>>>>>

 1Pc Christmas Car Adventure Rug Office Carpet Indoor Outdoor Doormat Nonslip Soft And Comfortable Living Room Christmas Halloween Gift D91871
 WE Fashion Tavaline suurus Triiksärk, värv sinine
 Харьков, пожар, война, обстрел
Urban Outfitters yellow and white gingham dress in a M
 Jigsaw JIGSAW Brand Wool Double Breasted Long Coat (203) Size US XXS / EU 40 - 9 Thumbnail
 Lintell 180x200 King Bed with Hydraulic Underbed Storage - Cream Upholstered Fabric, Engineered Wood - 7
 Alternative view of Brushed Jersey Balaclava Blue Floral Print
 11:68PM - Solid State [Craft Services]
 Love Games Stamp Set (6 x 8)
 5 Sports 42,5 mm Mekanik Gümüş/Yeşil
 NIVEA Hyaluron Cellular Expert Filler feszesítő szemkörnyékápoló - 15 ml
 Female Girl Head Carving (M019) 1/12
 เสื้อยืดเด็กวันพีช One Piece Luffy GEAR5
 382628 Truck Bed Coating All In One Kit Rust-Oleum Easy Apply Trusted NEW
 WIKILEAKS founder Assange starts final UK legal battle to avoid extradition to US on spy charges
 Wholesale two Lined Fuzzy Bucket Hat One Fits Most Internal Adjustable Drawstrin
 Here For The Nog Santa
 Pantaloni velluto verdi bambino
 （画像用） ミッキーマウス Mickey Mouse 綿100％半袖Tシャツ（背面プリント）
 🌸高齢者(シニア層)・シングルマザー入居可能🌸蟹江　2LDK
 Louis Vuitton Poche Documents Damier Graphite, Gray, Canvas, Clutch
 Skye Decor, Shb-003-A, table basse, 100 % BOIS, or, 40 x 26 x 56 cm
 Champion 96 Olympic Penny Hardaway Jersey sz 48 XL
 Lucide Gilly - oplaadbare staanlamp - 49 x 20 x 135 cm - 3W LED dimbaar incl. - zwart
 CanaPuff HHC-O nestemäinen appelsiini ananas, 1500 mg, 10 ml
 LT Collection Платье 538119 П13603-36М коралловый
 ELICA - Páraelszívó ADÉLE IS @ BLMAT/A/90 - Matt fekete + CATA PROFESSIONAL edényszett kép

<<<<<

**Problem details**. Please print the whole of the material verbatim.

**Problem solution**.
 1Pc Christmas Car Adventure Rug Office Carpet Indoor Outdoor Doormat Nonslip Soft And Comfortable Living Room Christmas Halloween Gift D91871
 WE Fashion Tavaline suurus Triiksärk, värv sinine
 Харьков, пожар, война, обстрел
Urban Outfitters yellow and white gingham dress in a M
 Jigsaw JIGSAW Brand Wool Double Breasted Long Coat (203) Size US XXS / EU 40 - 9 Thumbnail
 Lintell 180x200 King Bed with Hydraulic Underbed Storage - Cream Upholstered Fabric, Engineered Wood - 7
 Alternative view of Brushed Jersey Balaclava Blue Floral Print
 11:68PM - Solid State [Craft Services]
 Love Games Stamp Set (6 x 8)
 5 Sports 42,5 mm Mekanik Gümüş/Yeşil
 NIVEA Hyaluron Cellular Expert Filler feszesítő szemkörnyékápoló - 15 ml
 Female Girl Head Carving (M019) 1/12
 เสื้อยืดเด็กวันพีช One Piece Luffy GEAR5
 382628 Truck Bed Coating All In One Kit Rust-Oleum Easy Apply Trusted NEW
 WIKILEAKS founder Assange starts final UK legal battle to avoid extradition to US on spy charges
 Wholesale two Lined Fuzzy Bucket Hat One Fits Most Internal Adjustable Drawstrin
 Here For The Nog Santa
 Pantaloni velluto verdi bambino
 （画像用） ミッキーマウス Mickey Mouse 綿100％半袖Tシャツ（背面プリント）
 🌸高齢者(シニア層)・シングルマザー入居可能🌸蟹江　2LDK
 Louis Vuitton Poche Documents Damier Graphite, Gray, Canvas, Clutch
 Skye Decor, Shb-003-A, table basse, 100 % BOIS, or, 40 x 26 x 56 cm
 Champion 96 Olympic Penny Hardaway Jersey sz 48 XL
 Lucide Gilly - oplaadbare staanlamp - 49 x 20 x 135 cm - 3W LED dimbaar incl. - zwart
 CanaPuff HHC-O nestemäinen appelsiini ananas, 1500 mg, 10 ml
 LT Collection Платье 538119 П13603-36М коралловый
 ELICA - Páraelszívó ADÉLE IS @ BLMAT/A/90 - Matt fekete + CATA PROFESSIONAL edényszett kép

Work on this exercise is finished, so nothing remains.